● **Dataset extract**:
"""
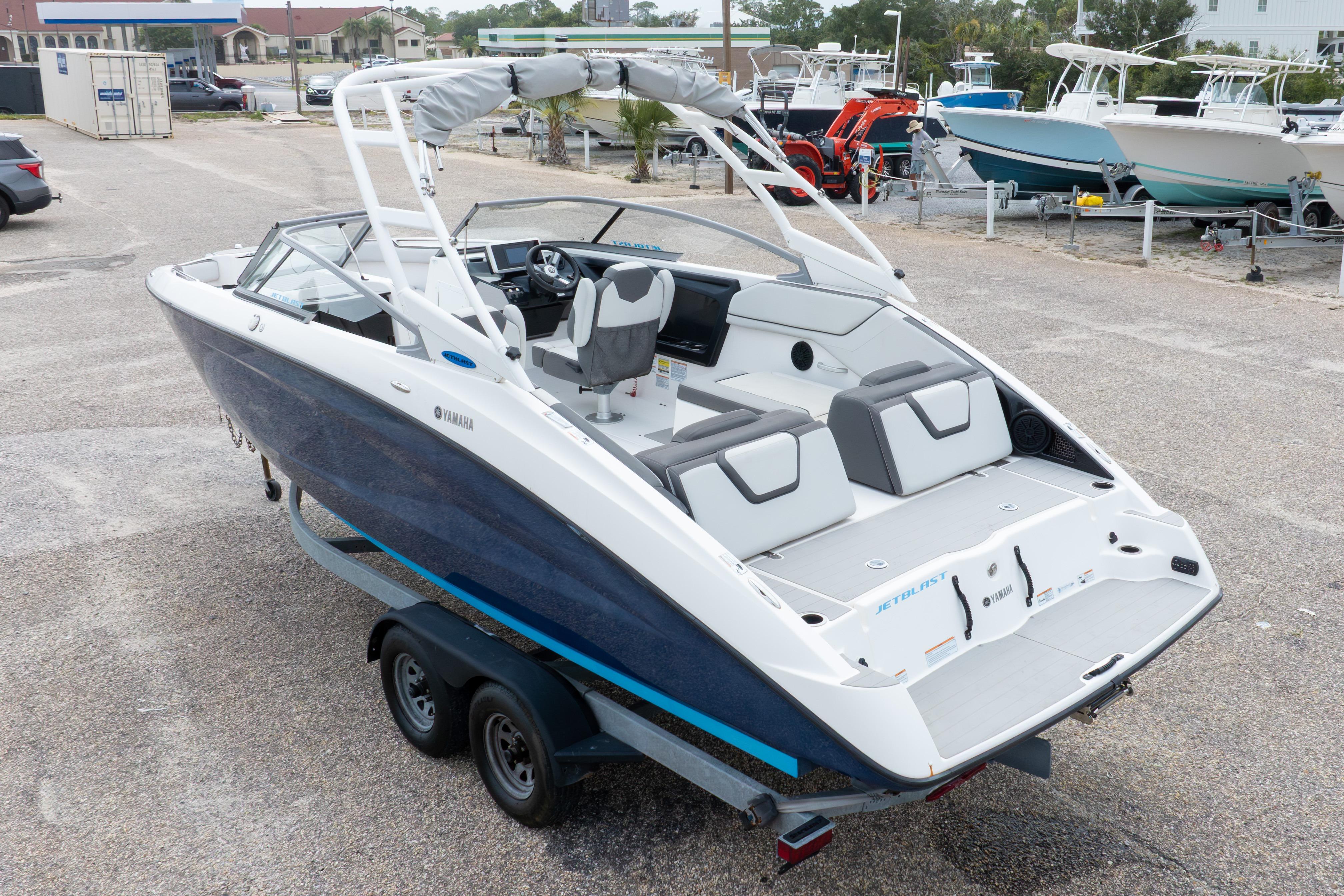 2021 Yamaha Boats AR250 on trailer, featuring sleek design and spacious seating.
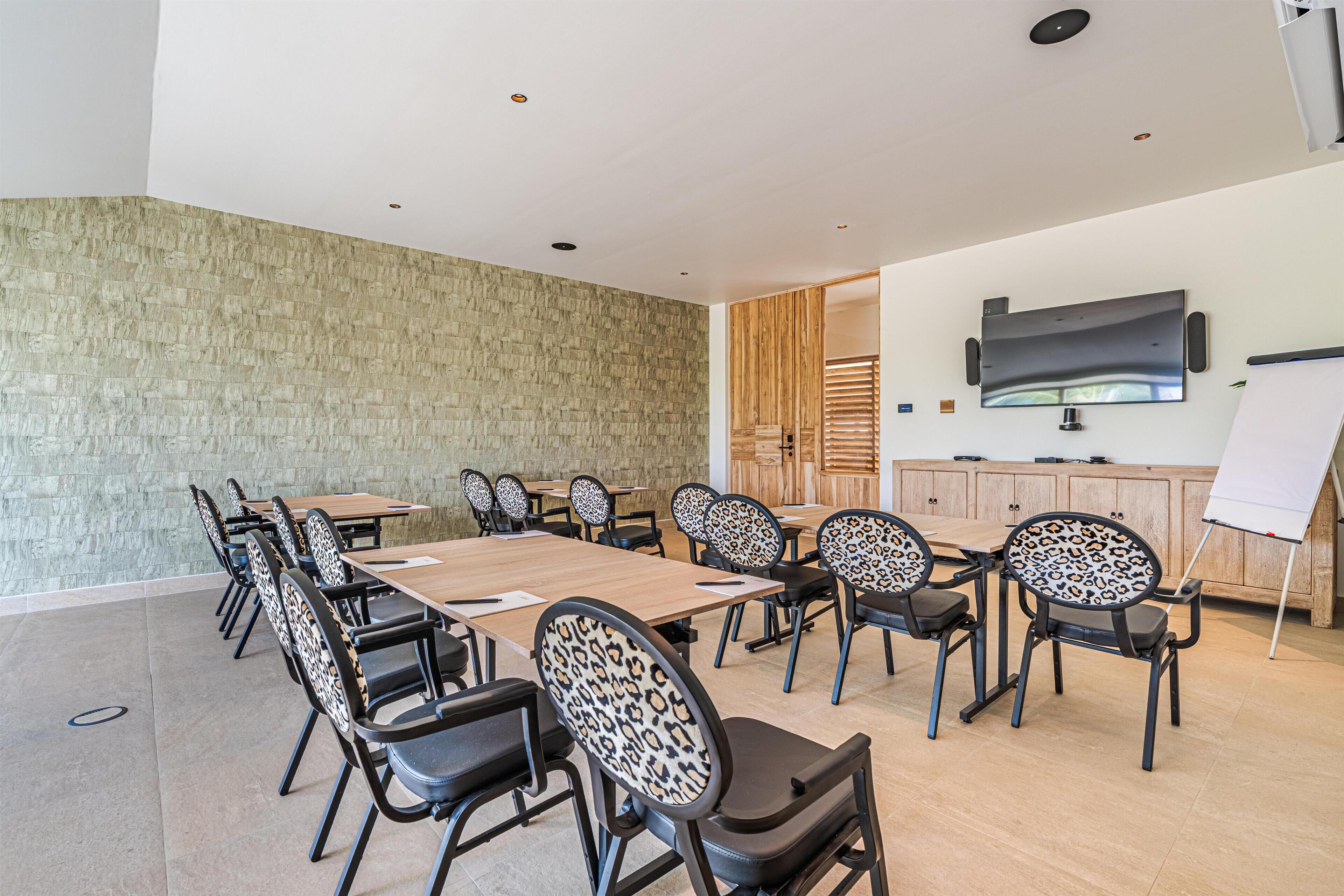 A conference room with a large table, chairs, a whiteboard, and a television on the wall.
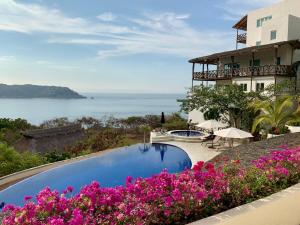 Una piscina al lado de un edificio con flores rosas. en The Best View in Brisas Marques, en Acapulco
"""
● **What is being asked**: The response consists of the data above printed line for line, with no pictures.

● **Written solution**:
 2021 Yamaha Boats AR250 on trailer, featuring sleek design and spacious seating.
 A conference room with a large table, chairs, a whiteboard, and a television on the wall.
 Una piscina al lado de un edificio con flores rosas. en The Best View in Brisas Marques, en Acapulco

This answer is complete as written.